La Légende : Au premier temps de son existence, Saint-Mihiel se nommait Godonécourt. Pour des raisons oubliées aujourd'hui, sept mauvaises fées voulurent détruire la ville, elles réfléchirent donc à un moyen original d'arriver à leur fin. Leur choix se porta sur la rivière Meuse qui longeait la ville. Leur vengeance mise au point, elles prélevèrent chacune un énorme bloc de pierre qu'elles disposèrent dans le lit de la rivière afin de former un barrage. L'eau commença donc à monter et menaça d'engloutir le village. L'archange Michel intervint en faveur de la ville et ordonna aux fées de remettre les blocs sur le versant de la colline avant de les chasser. Les habitants reconnaissants donnèrent le nom du saint à la cité, qui devint Saint-Michel et par déformation au cours des siècles devint Saint-Mihiel.

Escaliers longeant les vestiges du château castral de Saint-Mihiel
Escalier longeant les vestiges du château de Saint-Mihiel

Le Saillant de Saint-Mihiel (1914-1918)

carte du saillant de saint-mihiel ligne de front première guerre mondiale
Les cercles jaunes indiquent les zones où les combats ont été les plus intensifs

La prise de Saint-Mihiel et du territoire environnant constitue la zone occupée la plus avancée pour les Allemands, la ligne de front traçant un angle droit autour de la ville, reliant approximativement Verdun vers le nord et Toul vers l'est.
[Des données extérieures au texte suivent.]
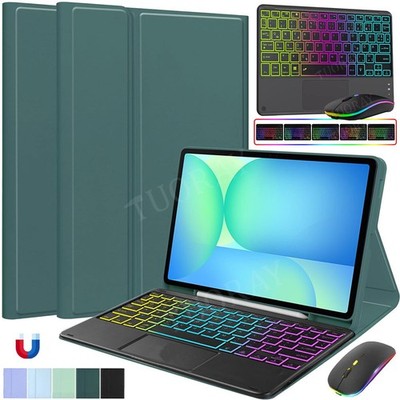RGB Touchpad Tastatur Hülle für Samsung Galaxy Tab S11 S10 FE S9 FE S8 S7 S6Lite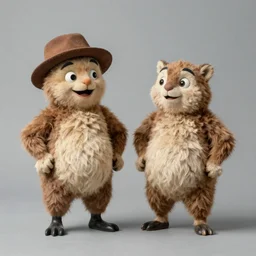 two funny creatures by victor brauner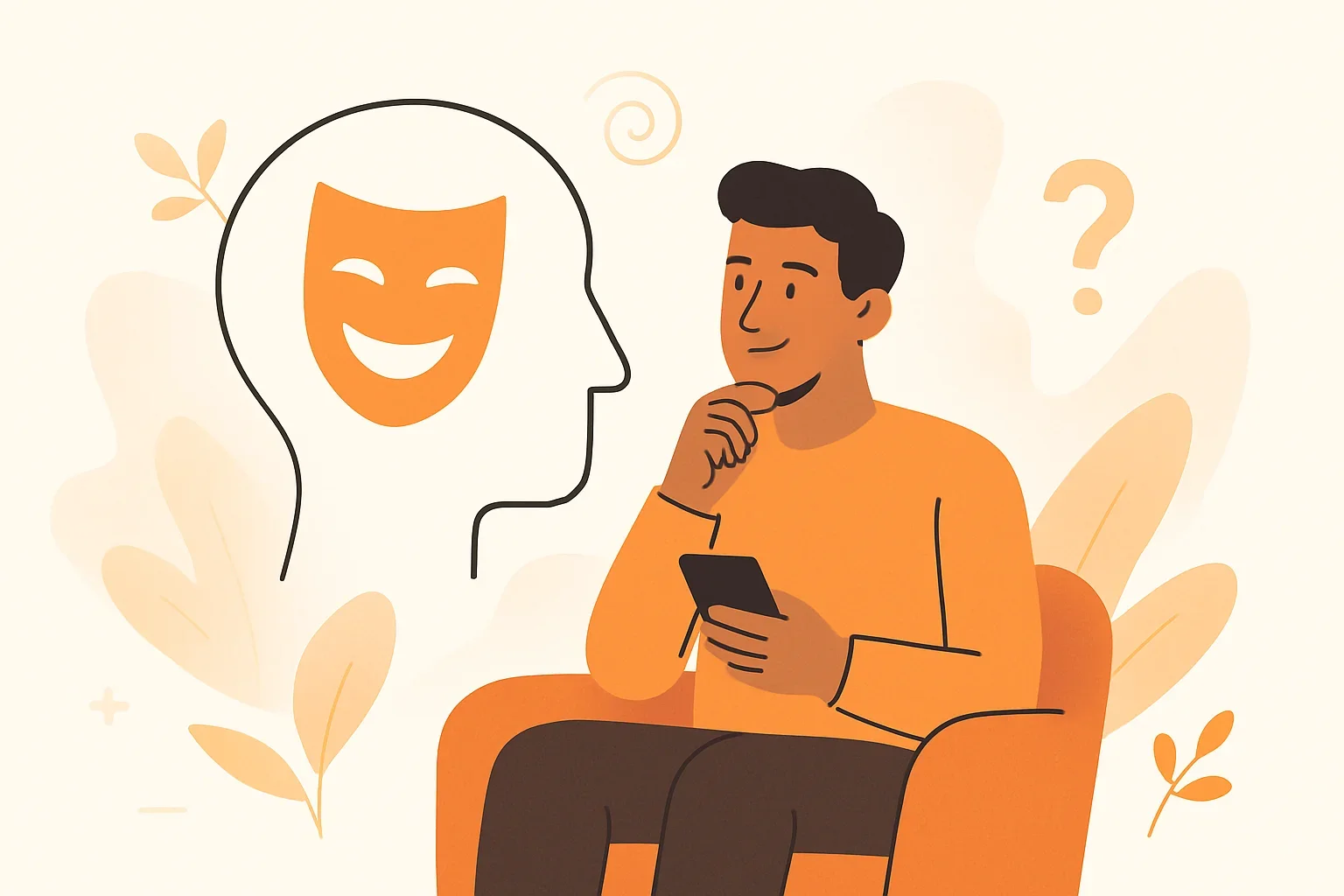 Иллюстрация: Тест по комедии: жанр, виды комического и основные приёмы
Saint-Mihiel se retrouve occupée pour les quatre années de la guerre 1914-1918.

Devenue un point stratégique important, Saint-Mihiel fait l'objet de tentatives françaises de reconquêtes. La ville est régulièrement bombardée et les contre-attaques françaises sont un échec. Du 26 septembre au 9 octobre, des combats acharnés sont menés en vain par le huitième corps au sud du bois d'Ailly. Du 5 au 22 avril 1915, les Français prennent puis reperdent quelques hectares de forêt. 20 000 obus allemands sont tirés sur un front de 350 mètres. Dans la forêt d'Apremont, une tentative similaire du général Dubail est entreprise du 17 novembre 1914 au 4 janvier 1915, sans succès. C'est dans ce bois que l'adjudant Péricard lança son farouche "Debout les morts ! " durant un nouvel assaut le 8 avril 1915.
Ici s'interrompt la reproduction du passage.